SQL Server CE what is really happening with @threshold and identity ranges?

Folks, as this question relates to IDENTITY columns and merge replication, if I may ask you to refrain from answering with "use GUIDs instead". I'm acutely aware of the benefits and limitations of both and have been using SQL replication with CE since SQL Server 2000. Very occasionally I get surprised. This is such a case.

This is a complex description of the problem so please bear with me.

Below is an extract from here https://msdn.microsoft.com/en-us/library/ms152543.aspx and is what I've always understood with regard to identity ranges and thresholds.

"Subscribers running SQL Server Compact or previous versions of SQL Server are assigned only the primary range; assignment of new ranges is controlled by the @threshold parameter.

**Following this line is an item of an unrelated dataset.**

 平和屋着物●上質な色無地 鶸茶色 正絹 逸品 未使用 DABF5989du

Additionally, a republishing Subscriber has only the range specified in the @identity_range parameter; it must use this range for local changes and for changes at Subscribers that synchronize with the republishing Subscriber. For example, you could specify 10000 for @pub_identity_range, 500000 for @identity_range and 80 percent for @threshold. After 8000 inserts at a Subscriber (80 percent of 10000), the Publisher is assigned a new range. When a new range is assigned, there will be a gap in the identity range values in the table. Specifying a higher threshold results in smaller gaps, but the system is less fault-tolerant: if the Merge Agent cannot run for some reason, a Subscriber could more easily run out of identities."

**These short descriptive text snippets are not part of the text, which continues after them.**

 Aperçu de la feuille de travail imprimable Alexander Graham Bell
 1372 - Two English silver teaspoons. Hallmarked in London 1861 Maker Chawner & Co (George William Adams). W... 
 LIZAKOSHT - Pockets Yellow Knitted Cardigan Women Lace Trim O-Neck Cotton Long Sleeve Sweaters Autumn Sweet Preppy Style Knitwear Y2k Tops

If was assume this is true for the moment we'll get to the start of my problem.

To help users using our application we have been using a variation of the following query to let clients know they might run out of identities if they keep going and to initiate a sync to get a new range.

SELECT 
    AUTOINC_MAX, AUTOINC_NEXT, AUTOINC_MAX-AUTOINC_NEXT 
FROM 
    INFORMATION_SCHEMA.COLUMNS 
WHERE 
    TABLE_NAME = N'Asset'

AUTOINC_MAX | AUTOINC_NEXT | AUTOINC_MAX-AUTOINC_NEXT
------------+--------------+-------------------------
3081898     |   3080899    |        999

By evaluating AUTOINC_MAX - AUTOINC_NEXT (= 999) we can see when we're getting low on IDs

In code we are looking at AUTOINC_MAX - AUTOINC_MIN which gives the allocated range. Using the default threshold of 80% and the remaining range we can advise clients to sync if they look like running out.

However this is where what I've thought to be true fails in practice. Referring to the Microsoft details above this sentence stands out "When a new range is assigned, there will be a gap in the identity range values in the table."

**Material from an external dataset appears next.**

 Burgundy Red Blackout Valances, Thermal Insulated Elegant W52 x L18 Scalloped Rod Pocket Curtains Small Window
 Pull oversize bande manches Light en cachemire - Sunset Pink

I take this to mean the following

If our user has an identity range of 0-1000 IDs and uses IDs up to 801. On next sync the user will be allocated the next range of 1001-2000(we are assuming one subscriber for illustration). As a result of the sync the next ID used will be 1001 leaving a gap from 802-1000.

Firstly please let me know if my understanding is wrong.

Secondly though, this is not what we're seeing in practice.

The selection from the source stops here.